Es solo que me siento poco y menos y basta que haga algo, para sentirme nada.
Nadie le ha escuchado. Los hombres siguen mirando a las mujeres sin llegar a verlas. Las mujeres siguen mirando al suelo sin saber que están pisando. Bufff. Cuesta demasiado.
Se que estoy hablando más bajito pero no puedo evitarlo y que ahora será más complicado aún que me escuchéis y me quitéis la insoportable alianza que han firmadola angustia y la bilis. Todos cometemos fallos pero los fallos no importan si no hay miradas que los reprochen y para eso tendría que arrancarme los ojos, tapiarme los oidos. Me duelen tanto los demás que me obligan a que yo me duela...
Nada. El mundo gira ajeno a sus desdichados. Las nubes se deslizan y hay un sol que no se atreve a calentar. Nadie mira mientras ella ve.
Ya solo soy un susurro. La garganta es ahora un agujero que se come lo que pienso. Comienzo a agacharme, a desear que el suelo me cobije. Y se que me equivoco, que yo soy yo y mis circunstancias, que jamás hice daño consciente salvo a mi misma, que soy diosa y atea vaya por Dios, pero no puedo remediarlo. Porque miráis, ¿por qué escucháis siempre, salvo cuando os pido ayuda?
Hay gente que se detiene a observarla. Incluso brotan un par de lágrimas anónimas. Se morirían por atraparla, llevarsela lejos de los indiferentes y desprogramarla, curarla de si misma y dejarle que le despierte la luz, la de las estrellas, la de los ojos que claman por su cuerpo. Sin pensar, sin quemaduras. Solo algó de luz y mucho de mantas. Un caldo caliente, quizás, puestos a ser codiciosos, un abrazo.
Pero ella no lo ve. Coge las piernas entre sus brazos y ya solo atiende al asfalto que la devora. No puede hablar y siente como la garganta se le llena de pelo y la piel de una pelusilla suave. No deja de pensar que es posible que sea su error más último. Se devana, se contorsiona. El cabello enredándose en los pies, los intestinos abrazándole el vientre. Lass uñas se ensedan, los ojos se le apagan.
Una señora se encuentra un ovillo de lana verde sobre un paso de cebra. Se lo lleva a su casa y le hace una bufanda a su nieta. Cuando la adolescente se la coloca sus balbuceos quejosos se transforman en fehacientes muestras de agradecimiento asombrada de lo bien que puede vivir una debajo de aquel abrazo. Ya nunca le separarán de su caricia, piensa.

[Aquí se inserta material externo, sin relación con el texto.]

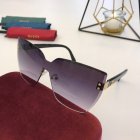 Gucci High Quality Sunglasses 678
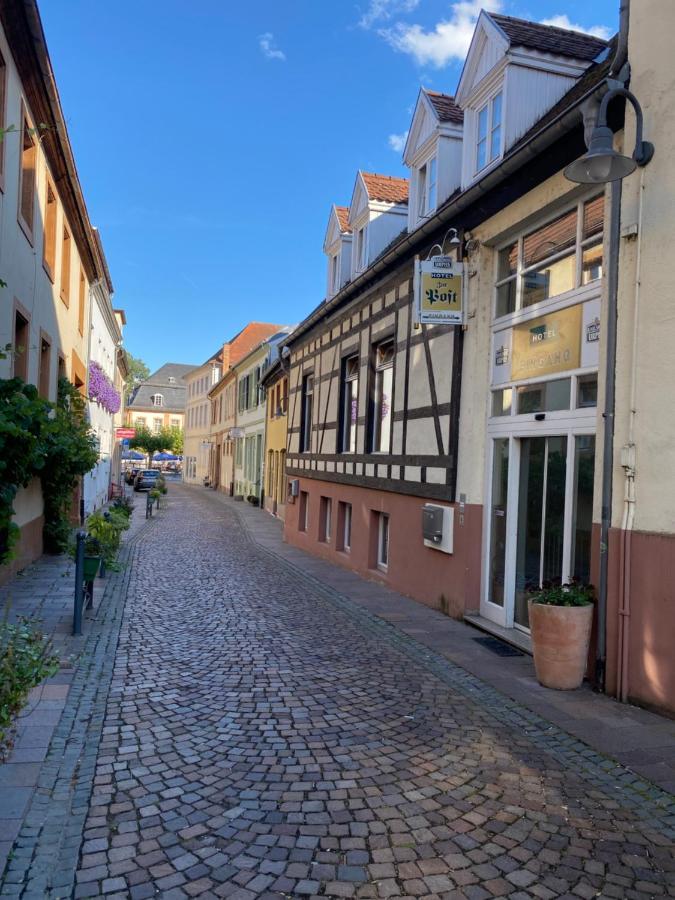 Hotel Zur Post Blieskastel Exterior photo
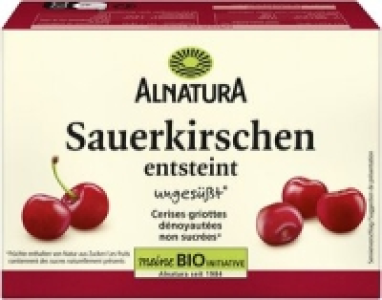 Sauerkirschen (TK) 2.99 €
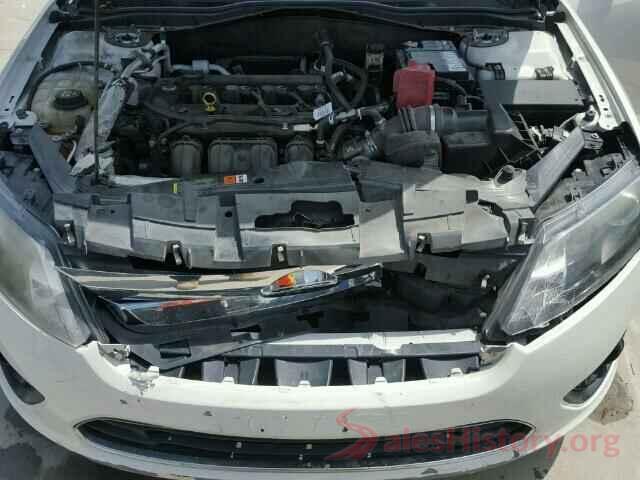 19XFC2F62KE208450 2010 FORD FUSION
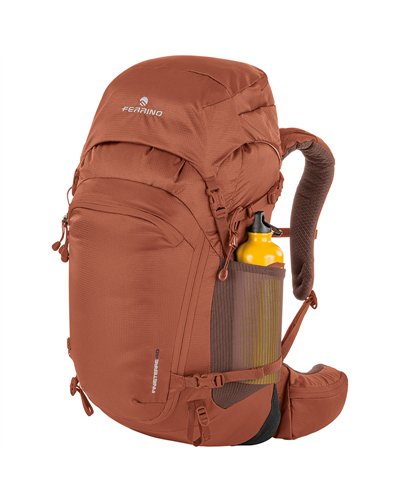 Ferrino Finisterre 40 Zaino Trekking, Rosso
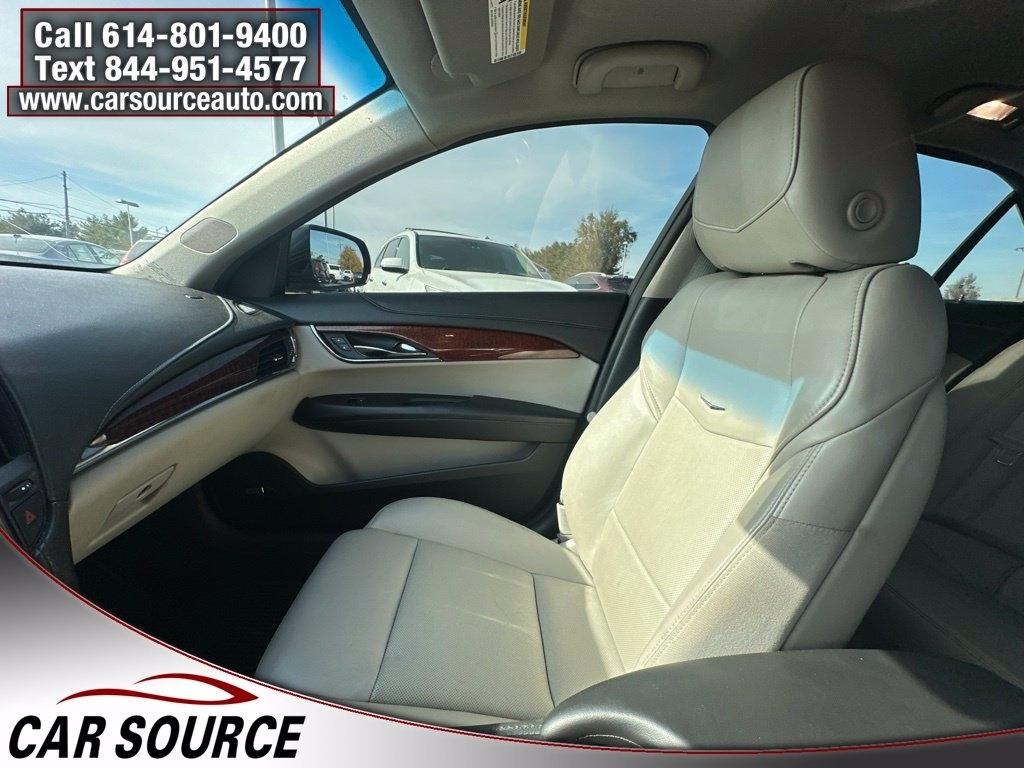 Cadillac ATS Sedan  2017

Pero el dueño de las lágrimas no consiente y envidia y anhela y no puede tolerar que las cosas acaben de esta guisa. Por un día le da por el optimismo y, a la espera de que el mañana pueda desdecirle, gesticula un poco. Entonces la lana retorna a su condición de mujer, deseada para más señas, y se intercambian los oficios. Él, bufanda de rayas de colores y ella, sujeto pasivo de la oración acariciada (a Dios o a la gramática, siempre a ella) y le jura que ya está que todo está bien, que le promete que no es en sueño en lo que viven y que todo se ha arreglado, por mucho que no esté seguro de si está mintiéndose a sí mismo. Comienza a sospechar que no es más que un personaje y abriga la semilla del resentimiento hacia su creedor. Es posible que todo acabe en tragedia, si, ¿pero quíen se acuerda de esas cosas mientras tiene lo que desea?.